In-Sourcing Blog

Changing the holiday script

Chestnuts roasting on an open fire
Jack Frost nipping at your nose
Yuletide carols being sung by a choir
And folks dressed up like Eskimos

Lyrics by Mel Torme

 The lyrics for the oldie that Bing Crosby or Nat King Cole crooned in those mellow baritones aren’t likely circa 2023, with politics and economics and social media polemics making Good Will a rare commodity.

I see it in my practice every December when Holiday obligations add more stress than joy to the occasion. The lament is familiar, a teary description of the family dinner that starts out with good cheer and before the turkey is carved, umbrage and agitation triggered by some innocuous reference or inadvertent remark.

Insults fly as Sis opens fire
Uncle Jack nipping at the brandy flask
Same old grievances from years prior
Dad and Mom taking me to task

Lyrics by my husband having a laugh

 Fortunately, you can dissolve that awkward dinner situation, and turn a halfhearted visit into an openhearted good time… if you approach your visit with two strategies: lowering the bar for your expectations and raising the heights of your boundaries. In short, be realistic and be loving.
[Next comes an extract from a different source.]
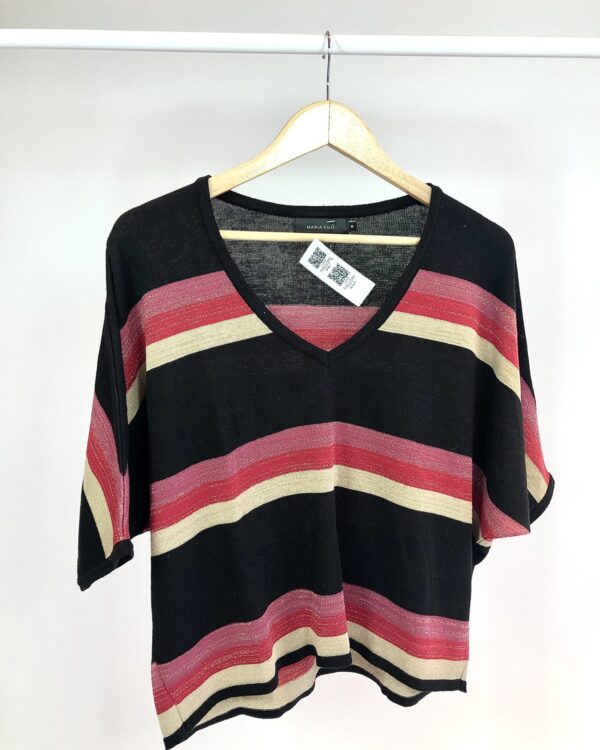 Blusa tricot listras e fios de lurex MARIA FILÓ - M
Understand going in, no matter how much healing or growth you’ve had during the year, family interaction typically – unconsciously – reverts to the roles we once played within the family dynamic, even though the person we are now has little to do with who we were then!  The person you’ve become, the person you are around your friends and co-workers, simply may not be recognized by your family.
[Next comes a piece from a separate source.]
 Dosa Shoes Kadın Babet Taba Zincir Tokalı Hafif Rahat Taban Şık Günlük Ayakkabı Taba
You cannot whitewash your past childhood and the influence of the home environment. But what you can change going forward is the part you play in the continuing drama.

You have the script.  You can visualize what is going to happen and predict the scenario that usually pulls you into your part in the familiar story line. And you can change the script! You can re-write your reaction and responses to the cues.

Some dialogue to rehearse to help remind you how to stay out of the storm (half kidding, half serious). Do not talk about weight and immediately stop if you find yourself whistling the Ozempic ad jingle. Avoid all conversations citing complaints about the job. Consider any opinions about all topics remotely connected to President Biden, Donald Trump, and any and all children of Misters Biden and Trump, as IEDs seconds away from being stepped on. Conversely, criticism of the Chicago Bears, White Sox, Bulls and ownership of the Chicago Cubs are excellent conversation openers.

The point is, this is the time of the year when the stress of family dysfunction brings up the issues that we thought were resolved, and when our good intentions can get undermined. So have a game plan. Understand that when things are unresolved in a family system, there’s a habitual dance calling all parties to the floor. The trick is to think about your part in that dance before the music starts.

You can bypass the emotional triggers put in place by family dynamics decades in the making. And the holiday gathering can be everything Hallmark Cards promise. Take the lead. Surprise the family by making a toast that expresses gratitude, nourishes the spirit and acknowledges the close family ties.

If you’re really in the spirit of the holiday, help with the cleanup!